Talking point | Armenia

Talk of the town in Yerevan

Borders have shifted in Armenia, due to the Nagorno-Karabakh war in 2020. Now people in Yerevan are discussing how to cope with that
It is night. In the mountains in the region of Nagorno-Karabakh, there are isolated stone houses. A large fire lights up the surrounding area.

A burning house in disputed Nagorno-Karabakh

In the Armenian capital of Yerevan, everyone is talking about the Nagorno-Karabakh war of 2020 when Armenia was defeated by an alliance of Azerbaijani and Turkish forces and Syrian mercenaries. Even now, the deaths of several thousand people are still being mourned. During the conflict, many Armenians had to flee Nagorno-Karabakh and lost their belongings.

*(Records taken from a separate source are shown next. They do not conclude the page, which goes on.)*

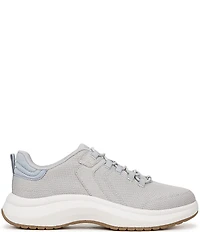 Dr. Scholl's Feel At Ease Plantar Fasciitis Slip On Sneakers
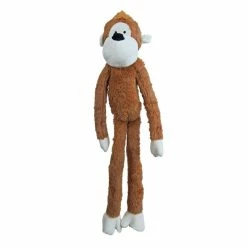 Boon Aap Met Piep XXL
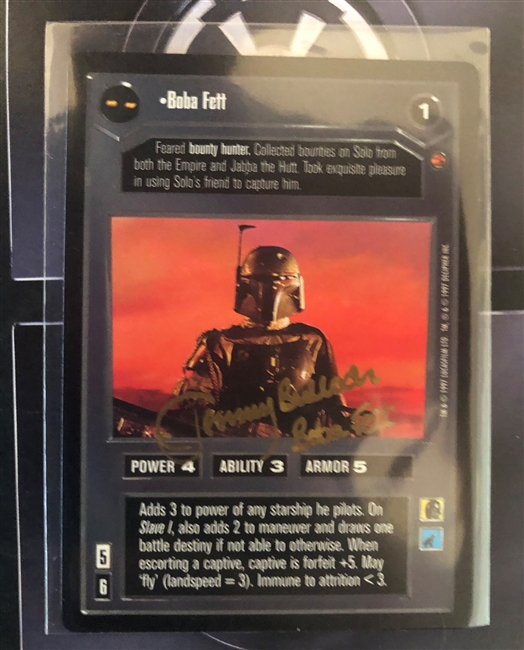 star-wars-ccg-signed-autograph-card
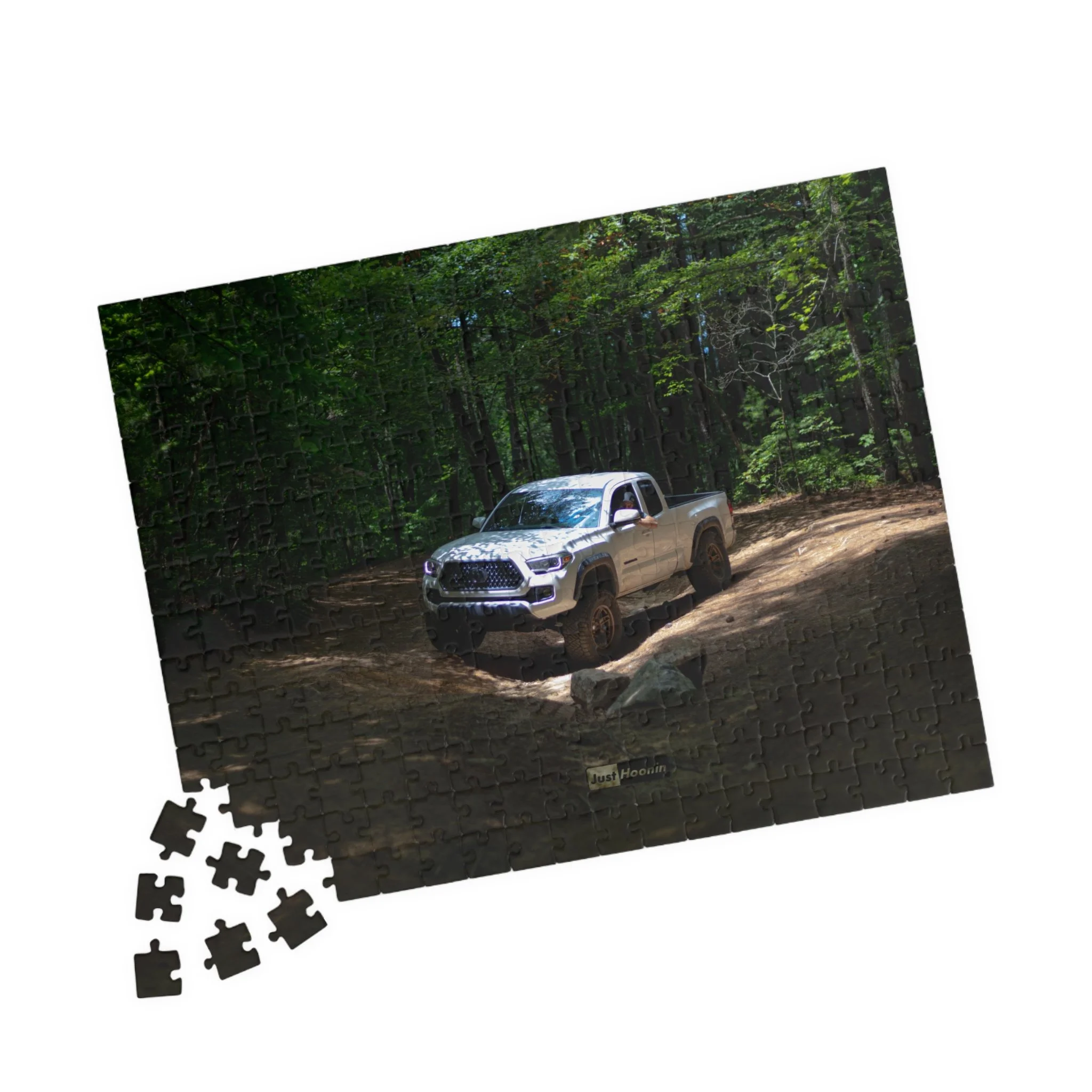 361aceb7c464b9270533d7c5ac8daf6d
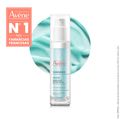 Hidratante Facial Aqua-gel Avène Cleanance 30g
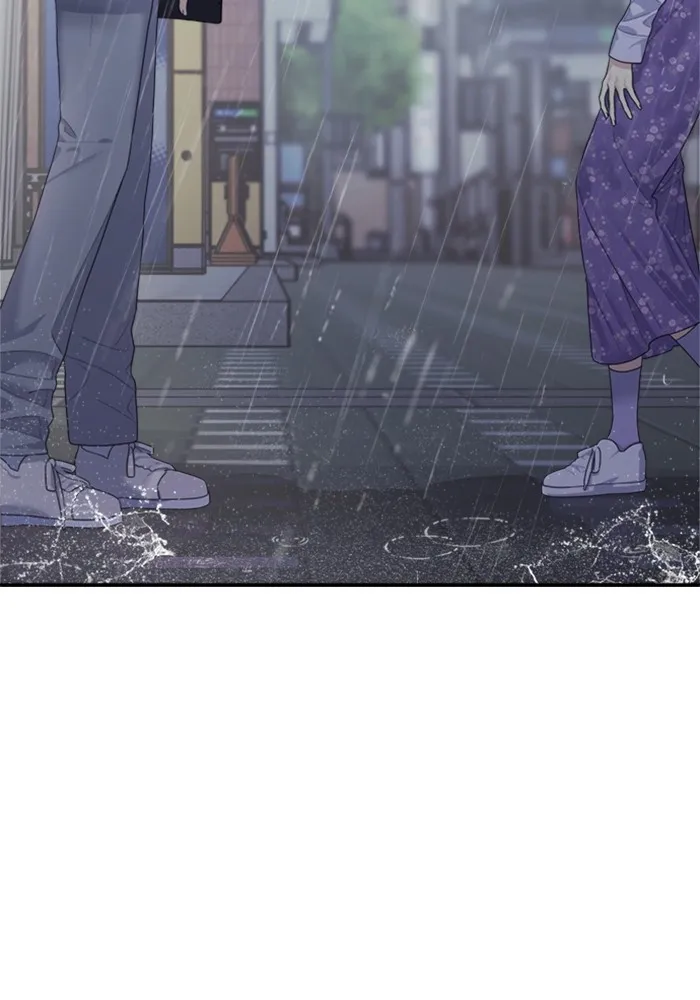 Couple Breaker ตอนที่ 58 รูปที่ 98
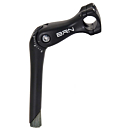 Bernardi podesiva lula volana BRN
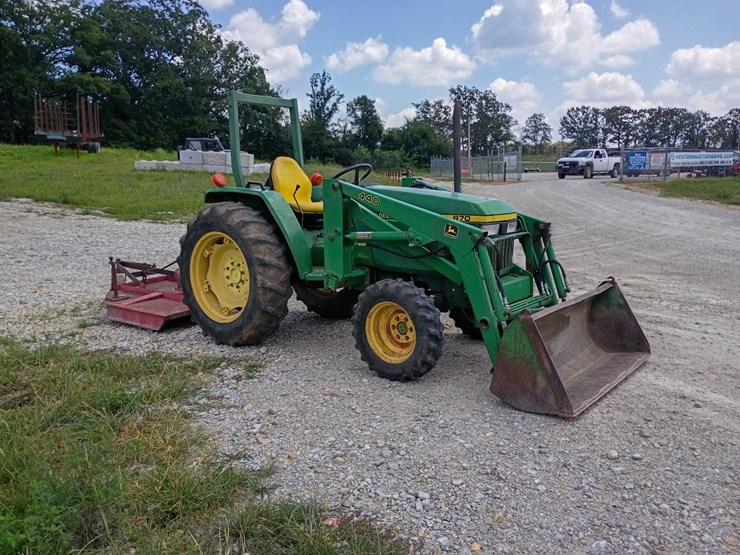 1992-john-deere-870-image-10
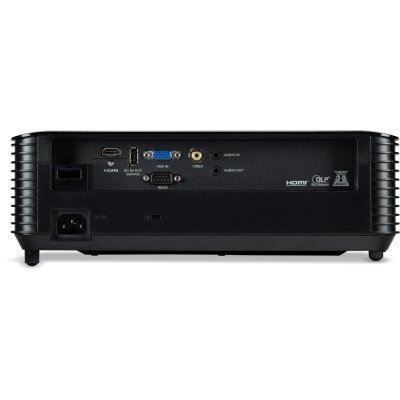 Acer X1328WKi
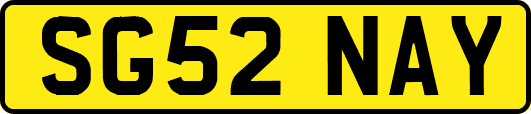 SG52NAY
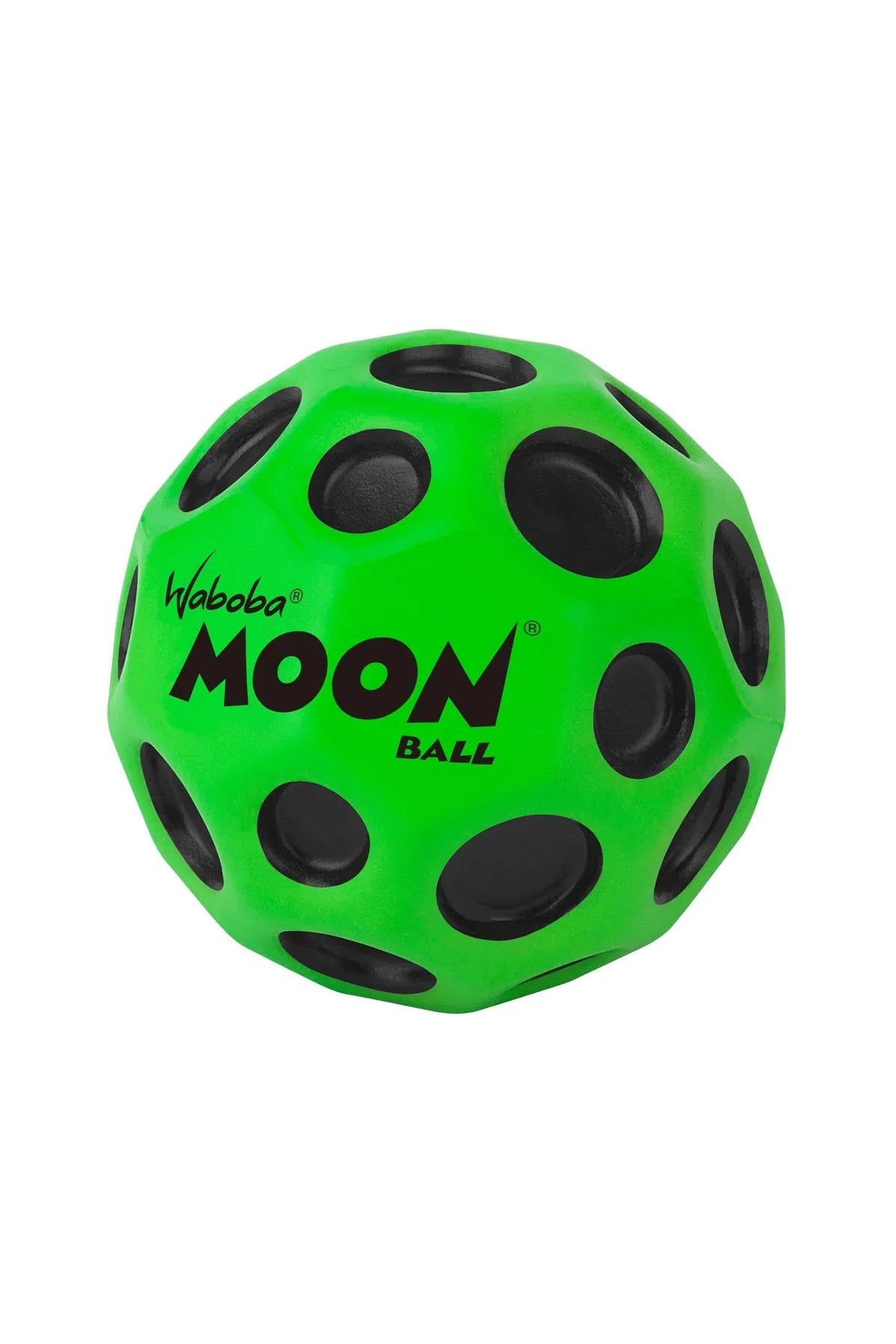 Waboba Moon Ball Top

Since then, the words “border” and “near-border” have been omnipresent: in social media newsfeeds, conversations on the street and in the parties' mutual recriminations. Azerbaijan's territorial gains have pushed the border area into the Armenian interior. The effects are felt by all: only recently, for example, a shepherd tending his sheep near the border was kidnapped - and a herd of cattle disappeared after accidentally trotting onto the enemy side of the border. Such incidents are now part of everyday life.

In Yerevan, we try to live with the realisation that the border has been shifted by the war.